Tutto nel fumetto, ma in un certo senso anche nel cinema, è azione. Laddove per azione non si deve intendere solo il pistolero che si getta a terra sparando all’impazzata contro gli indiani, ma l’agire, ossia il fare. Si dice che in teatro i personaggi riferiscono l’azione o ne parlino prima che avvenga. Mentre nel cinema e nel fumetto i personaggi parlano mentre agiscono. E, infatti, il teatro è parola. Cinema e fumetto, invece, sono azione. Il fumetto ancora più che il cinema. Perché la libertà di movimento dei personaggi è illimitata e dipende solo dalla fantasia dell’autore, mentre il cinema è comunque legato al mezzo tecnico. Sceneggiare significa scrivere le immagini.

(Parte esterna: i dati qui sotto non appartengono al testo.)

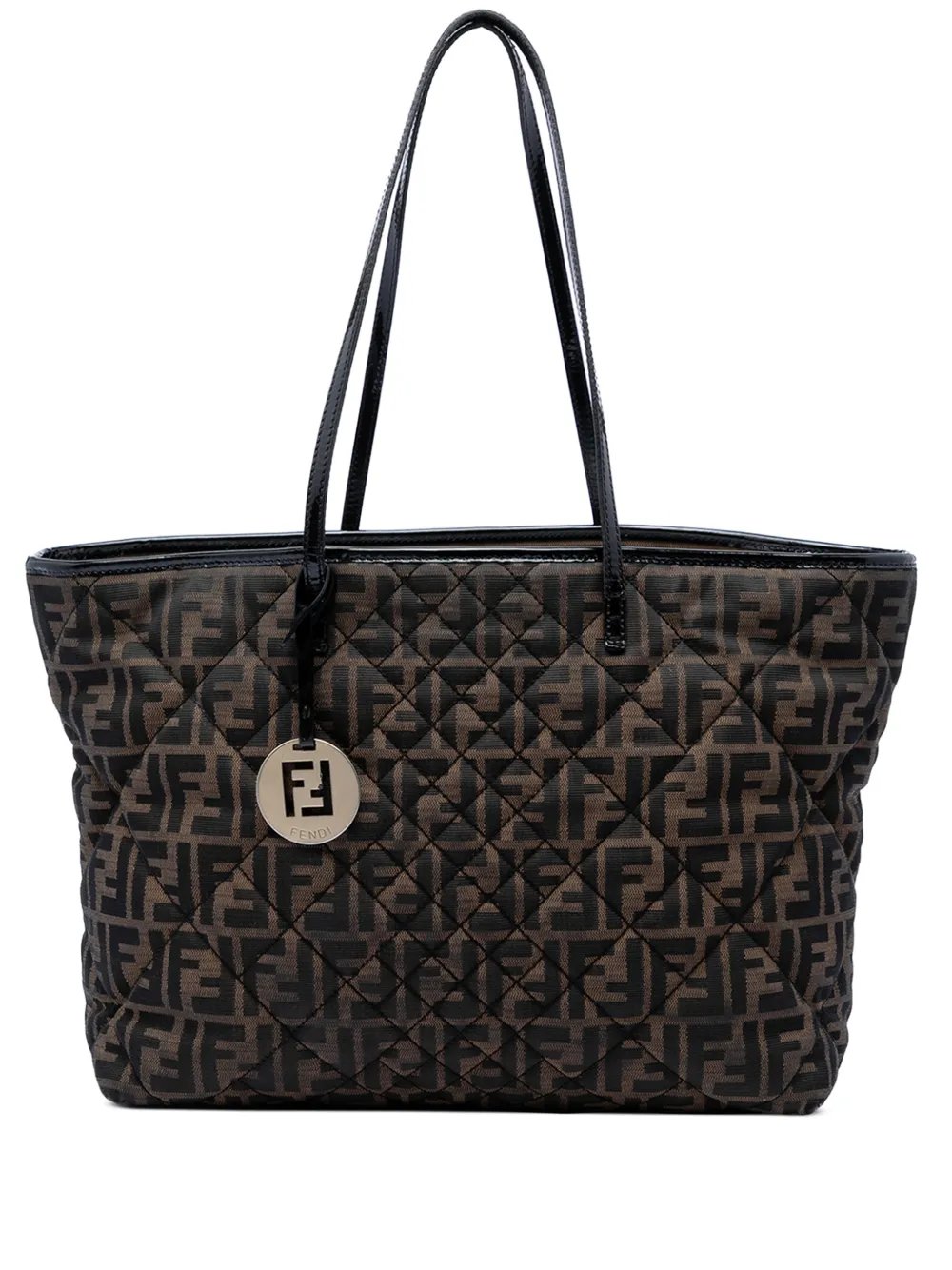 2000-2010 Medium Quilted Zucca Canvas Roll tote bag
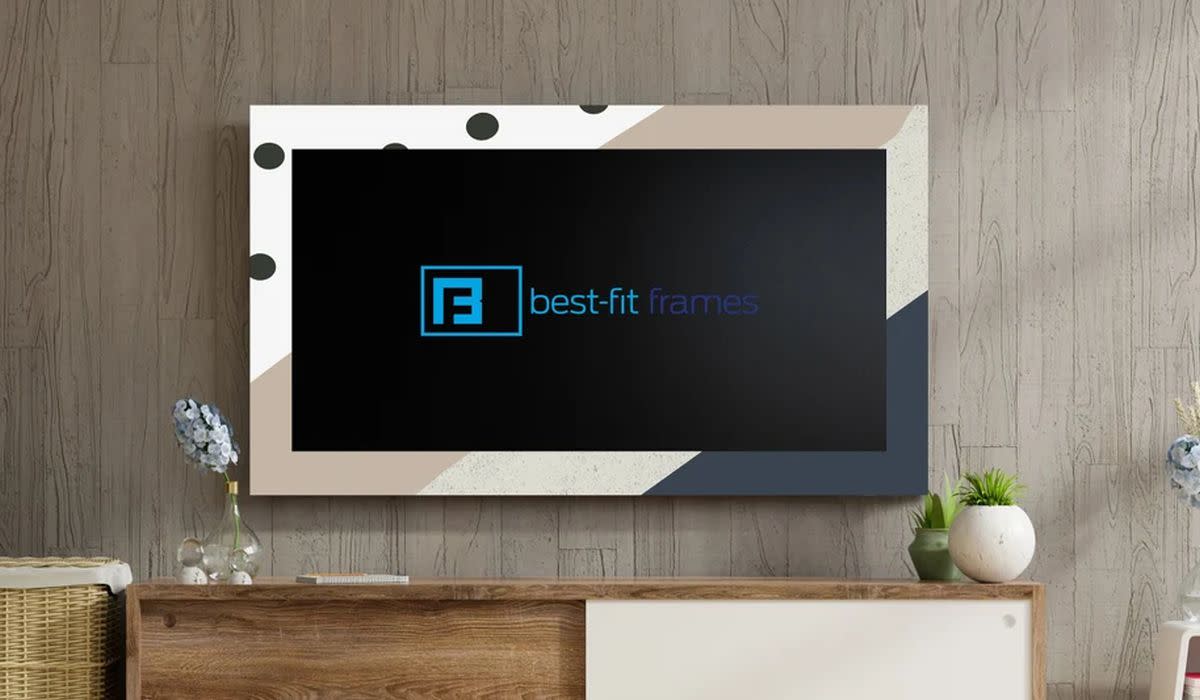 Add a super-stylish frame to your wall-mounted TV with one of the many options available from this Etsy seller. (Photo: Best Fit Frames)
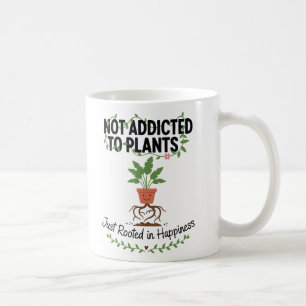 Mug Amateur de plantes drôle “Je ne suis pas accro à m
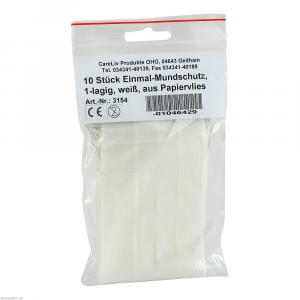 MUNDSCHUTZ PAPIERVLIES m.Gummiband weiß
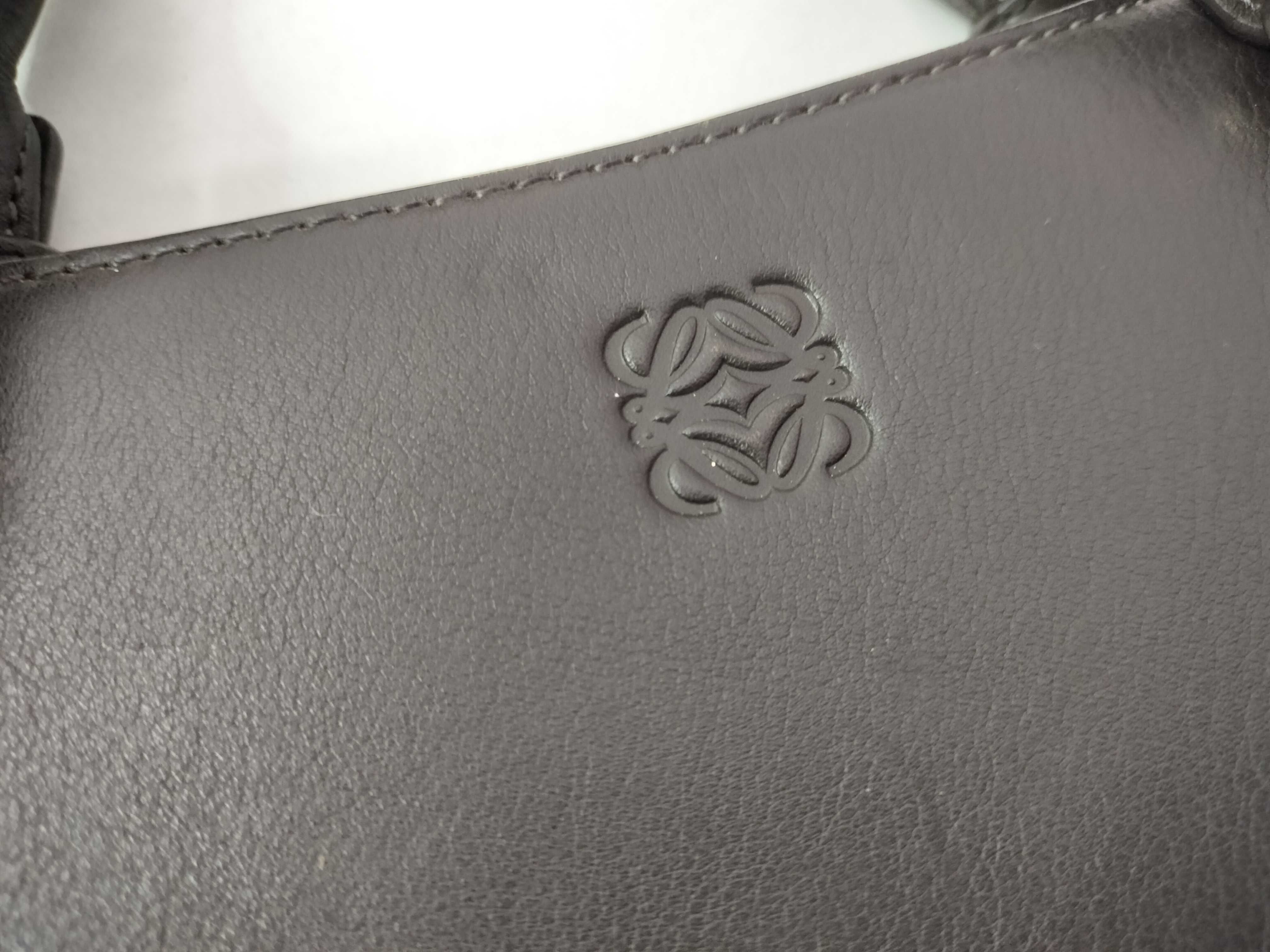 Anagram Handbag, Dark Brown — view 11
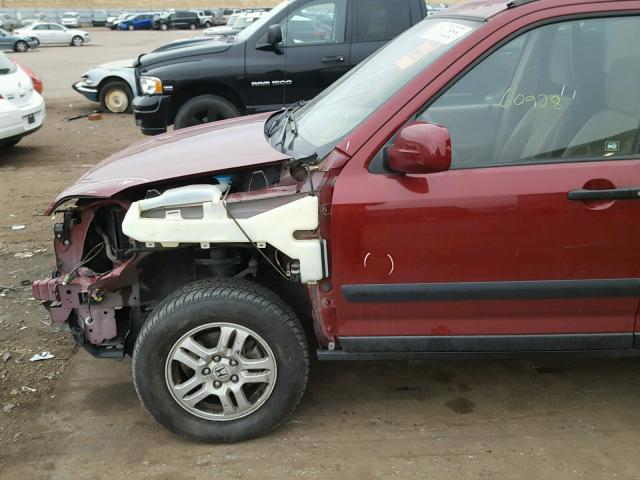 JHLRD78854C059762 - 2004 HONDA CR-V EX MAROON photo 9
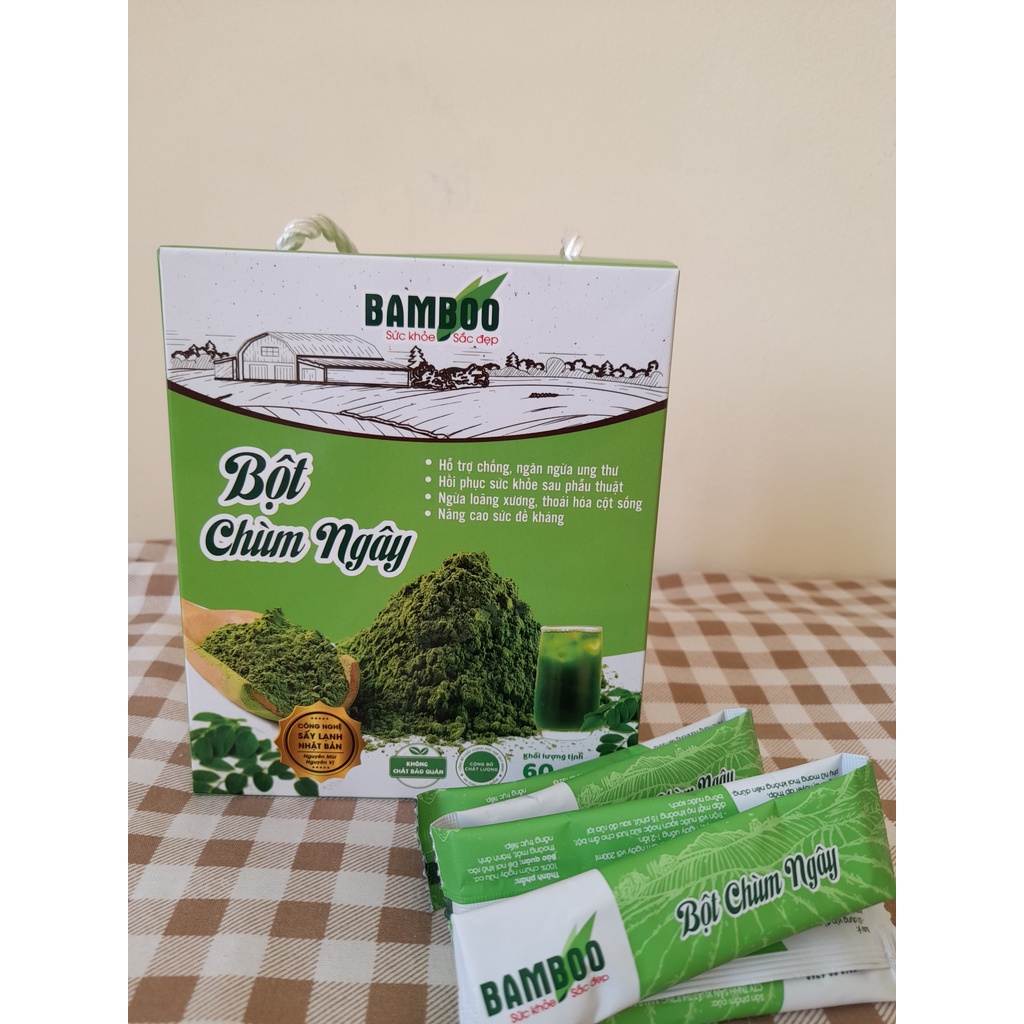 Bột Chùm Ngây BAMBOO (20 gói/ Hộp)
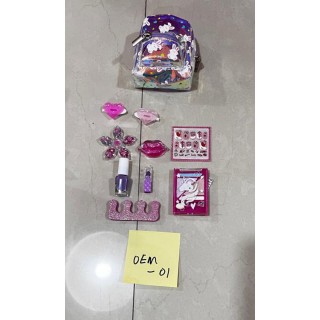 Set for a Little Stylist + Cosmetic Bag Backpack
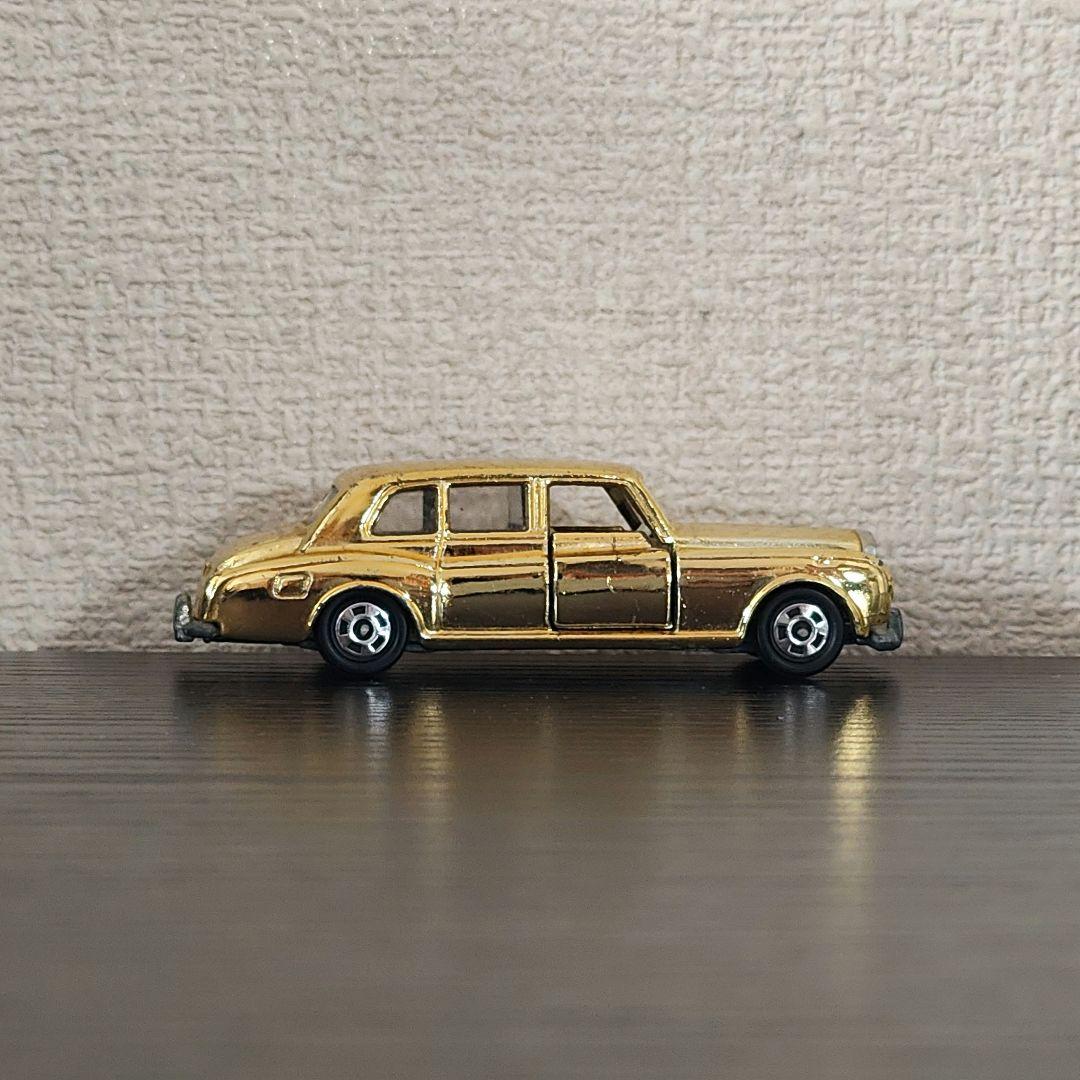 TOMICA　トミカ　ロールスロイス　金メッキ　特注品　箱付き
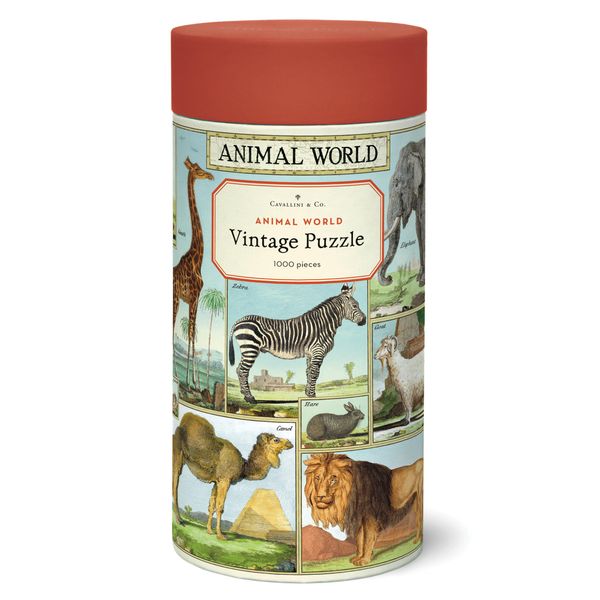 Cavallini & Co. Animal World 1,000 Piece Puzzle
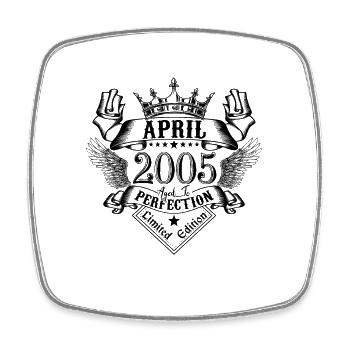 Vintage Avril 2005 Avril 2005 né en Avril - Magnet carré - blanc - Devant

Come una composizione musicale scritta per un trio d’archi, anche la sceneggiatura del fumetto si può suddividere in tre diversi momenti: regia, dialoghi, onomatopee che, pure essendo distinti, devono andare a creare un’unica armonia. La regia consiste nelle indicazioni al disegnatore, i dialoghi attengono agli scambi verbali tra i personaggi e le onomatopee sono i rumori, quelli che nel cinema vengono detti effetti sonori.

Disegnare le parole
Il disegnatore, ricevuta e letta la sceneggiatura, capito il senso della storia, le caratteristiche psicologiche e la funzione di ciascun personaggio per prima cosa gli fornisce volto e corpo. Senza di essi, infatti, non potrà passare alle fasi successive.

Ha bisogno dei personaggi per pensare e schizzare le inquadrature prima nel lay-out, poi nello storyboard. Quindi passa al disegno a matita. Qui si può giovare della propria abilità tecnica e un buon professionista, deve conoscere a perfezione le regole dell’anatomia, della prospettiva e del disegno dal vero. Nessuno, infatti, quanto un disegnatore di fumetti, deve possedere un così vasto bagaglio professionale.

La maggiore difficoltà che incontra il disegnatore è di dover riprodurre la realtà con dei segni grafici. Può farlo in vari modi: c’è chi usa uno stile quasi fotografico, iperrealista, chi un segno complesso fatto di tratteggi e molti segni e chi stilizza il più possibile portando anche all’estremo il linguaggio iconico caratteristico del fumetto. In ogni caso ogni disegno deve rispondere ai criteri di credibilità e verosimiglianza. Non importa che una pistola sembri vera, ma devo poter credere che spari e deve essere verosimile che il suo proiettile uccida. Per questo il disegnatore di fumetti parte sempre dal vero.

La matita, infine, ha un ruolo ben preciso nell’economia dell’intero disegno: ne costituisce le fondamenta. Ne è la base solida. È sul disegno a matita che il disegnatore esegue il cosiddetto ripasso a china.

Tecnicamente questa fase consiste nel ripassare il disegno a matita con l’inchiostro. In gergo viene denominata “china”, perché, appunto, l’inchiostro utilizzato è quello di china. Ma alcuni professionisti utilizzano anche altri strumenti: dal pennarello alla penna biro, dal pennino al pennello, fino a software specifici.

È con la china che si fornisce uno stile al disegno. Chiunque abbia consuetudine con i fumetti è in grado di distinguere un autore dall’altro. Ciò accade per un insieme di fattori. Per il modo di raccontare, certo. Se usa linee aperte o chiuse, anche. Ma soprattutto per il segno. È il segno che, come dimostra la storia della pittura, contraddistingue gli artisti. È nel segno che l’autore mette, talvolta inconsapevolmente, il proprio “io”.

Il colore, infine, può essere altrettanto espressionista della china. Ovvero raccontare emozioni, stati d’animo e punti di vista dell’autore. Tant’è che sostituisce nei fatti la stessa china, quando il fumetto non è in bianco e nero.

Ed ecco che, alla fine di questo lungo e meticoloso processo, le nostre pagine sono pronte per essere stampate e prendere orgogliosamente posto negli scaffali di una libreria o di un’edicola.